By utilizing a high branching factor ($M=100$) and utilizing the horizontal leaf-link chains, the implementation executed complete lateral passes across hundreds of thousands of ordered indices instantly while maintaining predictable execution baselines across structural deletion waves.
### Benchmark Results (High-Load Database Indexing Workloads)

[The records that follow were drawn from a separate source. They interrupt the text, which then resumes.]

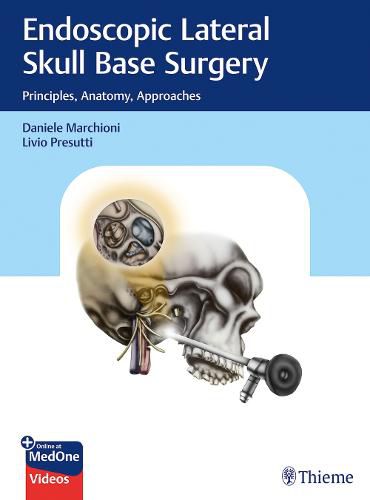 Cover image for Endoscopic Lateral Skull Base Surgery: Principles, Anatomy, Approaches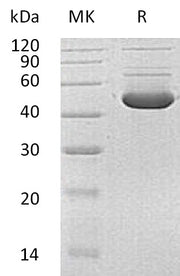 Recombinant Human HMBS (C-6His)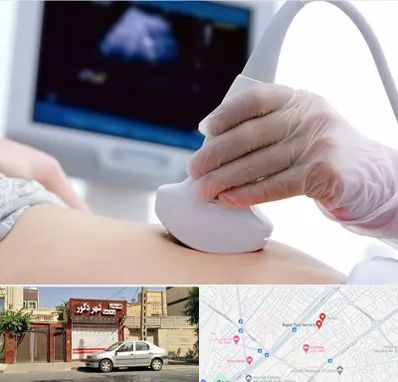سونوگرافی در باجک قم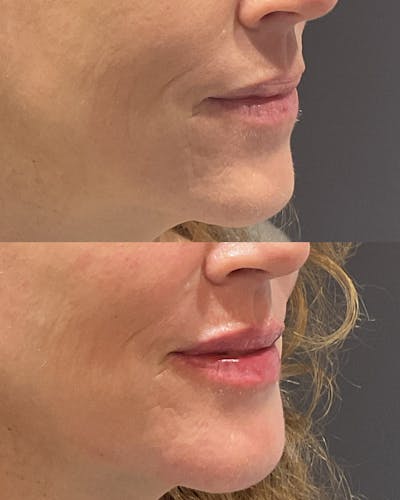 Facial Balancing Before & After Gallery - Patient 425749 - Image 1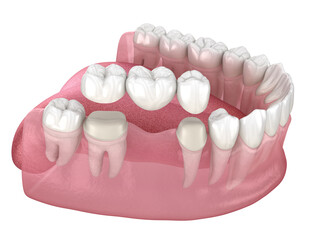 Dental bridge of 3 teeth over molar and premolar. Medically accurate 3D illustration of human teeth treatment - 396974652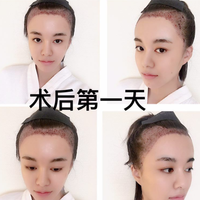 發(fā)際線用戶圖片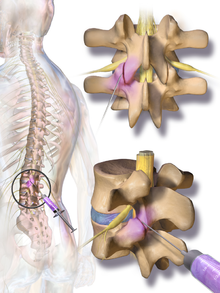 FNeirami's tweet photo. FACET JOINT INJECTIONS
The facet joints, found on both sides of the back of the spine, can become painfully irritated or inflamed. A facet joint injection may help diagnose the source of a patient’s pain. It can also relieve pain and inflammation.

#facet #facetjoint #pain https://t.co/t8bQ5ovPEy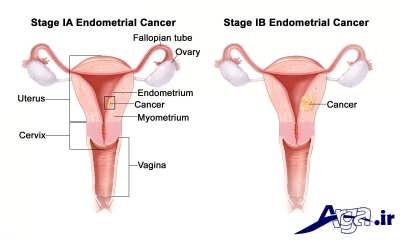 علائم و پیشگیری از سرطان رحم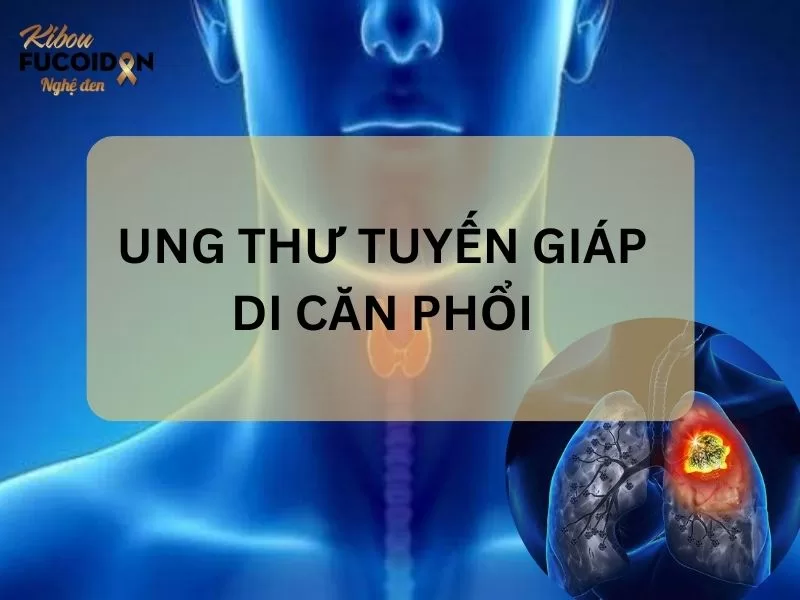 Triệu chứng, cách điều trị và tiên lượng Ung thư tuyến giáp di căn phổi Ung thư tuyến giáp di căn phổi là gì?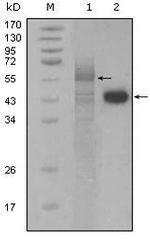 PAR4 Antibody in Western Blot (WB)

| Database Workload Size ($N$) | Operational Focus | Action Executed | CTBPlusTree Metric | Performance Characteristic |
| :--- | :--- | :--- | :--- | :--- |
| **$N = 200,000$** | Ingestion Stream | 200,000 Randomized Key Inserts | **717 ms** | Highly concurrent node splitting |
| **$N = 200,000$** | Transactional Read | 20,000 Random Point Queries | **32 ms** | Shallow 3-level index tree depth |
| **$N = 200,000$** | Sequential Range Scan | **Scan All 200,000 Records** | **0 ms** | **Bypasses root via lateral leaf links** |
| **$N = 200,000$** | Index Fragmentation | 100,000 Randomized Deletions | **169 ms** | Real-time borrow & merge rebalancing |
## Reproducing the Benchmarks: The Storage Engine Simulation
You can evaluate the optimization metrics yourself by copy-pasting the following industrial telemetry script directly into your Pharo Playground (`Ctrl + O + W`):
```smalltalk
| tree orderSize dataSize random keys insertTime queryTime scanTime deleteTime currentLeaf count report |
"=== Set Up ==="
orderSize := 100. "Branching factor chosen to maximize cache locality"
dataSize := 200000. "Target records to actively index"
tree := CTBPlusTree new.
tree order: orderSize.
random := Random new.
keys := (1 to: dataSize) asOrderedCollection.
keys shuffleBy: random.
"=== Ingestion Phase ==="
insertTime := [
keys do: [ :k | tree at: k put: 'Data_Payload_', k asString ]
] timeToRun.
"=== Random Point Queries ==="
queryTime := [
1 to: 20000 do: [ :i | tree at: (keys at: i) ]
] timeToRun.
"=== Lateral Sequential Range Scan ==="
scanTime := [
count := 0.
currentLeaf := tree firstLeaf.
[ currentLeaf notNil ] whileTrue: [
count := count + currentLeaf keys size.
currentLeaf := currentLeaf nextLeaf.
].
] timeToRun.
"=== Dynamic Deletion Wave ==="
deleteTime := [
1 to: (dataSize // 2) do: [ :i | tree removeKey: (keys at: i) ]
] timeToRun.
"=== Build the Report ==="
report := String streamContents: [ :s |
s nextPutAll: '--- CTBPlusTree Industrial Benchmark ---'; cr; cr.
s nextPutAll: 'Tree Order (Branching): ', orderSize asString; cr.
s nextPutAll: 'Total Initial Records: ', dataSize asString; cr; cr.
s nextPutAll: '[+] Inserted ', dataSize asString, ' randomized keys in: ', insertTime asMilliSeconds asString, ' ms'; cr.
s nextPutAll: '[?] Queried 20,000 random keys in: ', queryTime asMilliSeconds asString, ' ms'; cr.
s nextPutAll: '[>] Scanned ', count asString, ' records sequentially in: ', scanTime asMilliSeconds asString, ' ms'; cr.
s nextPutAll: '[-] Deleted ', (dataSize // 2) asString, ' random keys in: ', deleteTime asMilliSeconds asString, ' ms'; cr; cr.
s nextPutAll: 'Final Tree Size: ', tree size asString; cr.
].
report.
```
## Technical Analysis
- **The $O(1)$ Leaf-Link Advantage:** Clocking a range scan of 200,000 items at **0 ms** highlights the structural superiority of the B+ Tree specification. By keeping leaf references sequential, traversing across storage segments behaves like an array walk, completely avoiding recursive algorithmic evaluations.
- **Polymorphic Communication Loops:** Deletions operate rapidly because tree rebalancing is handled as a decentralized system. When a node experiences structural starvation, it wraps itself into a `CTBPlusTreeUnderflow` signal and hands it back up. The parent interceptor acts purely as an orchestrator, deciding whether to execute a localized boundary key borrow or run a total sibling block merge.